Methods: Treatment was administered to 136 patients divided into control group (n = 68) and study group (n = 68). Serum inflammation was determined by assessing the levels of tumor necrosis factor-α (TNF-α) and interleukin-6 (IL-6) while nitric oxide (NO), endothelin-1 (ET-1), S100 and VEGF levels were determined by enzyme-linked immunosorbent assay (ELISA). Serum C-reactive protein (CRP) level was measured by immunoturbidimetry. Perfusion weighted imaging was performed and the mean transit time (MTT), cerebral blood flow (CBF), cerebral blood volume (CBV), mean flow velocity (Vm) and pulsatility index (PI) were recorded. Glasgow coma scale (GCS) score and Montreal cognitive assessment (MoCA) score were used to compare the differences in therapeutic effect.

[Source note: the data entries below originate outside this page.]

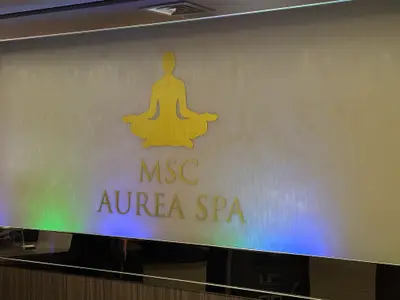 Ein Schild des MSC Aurea Spa mit einer goldenen, meditierenden Figur auf einer Wasserwand an Bord der MSC Euribia.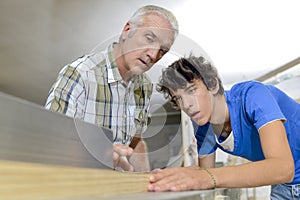 senior carpenter training apprentice
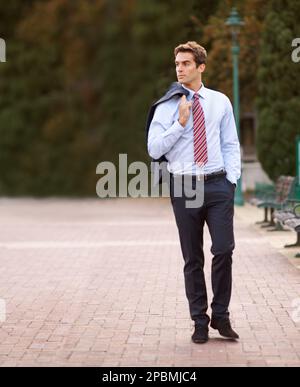 Promenade après le travail dans le parc. Un bel homme d'affaires marchant dehors avec sa veste sur son épaule. Banque D'Images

Results: Compared with values before treatment, Vm, PI, NO, CBF, CBV, GCS score and MoCA score were significantly increased (p < 0.05), while ICP, serum levels of TNF-α, IL-6, CRP, ET-1, S100 and VEGF and MTT significantly decreased (p < 0.05). Therapeutic response rate of the study group (89.71 %) was higher than that of control group (66.18%) (p < 0.05).
Conclusion: Early LCD of CSF and combination of edaravone and nimodipine reduces the degree of cerebral vasospasm and contribute to brain function recovery in the treatment of patients with tSAH. This therapeutic strategy requires further clinical trials before application in clinical practice.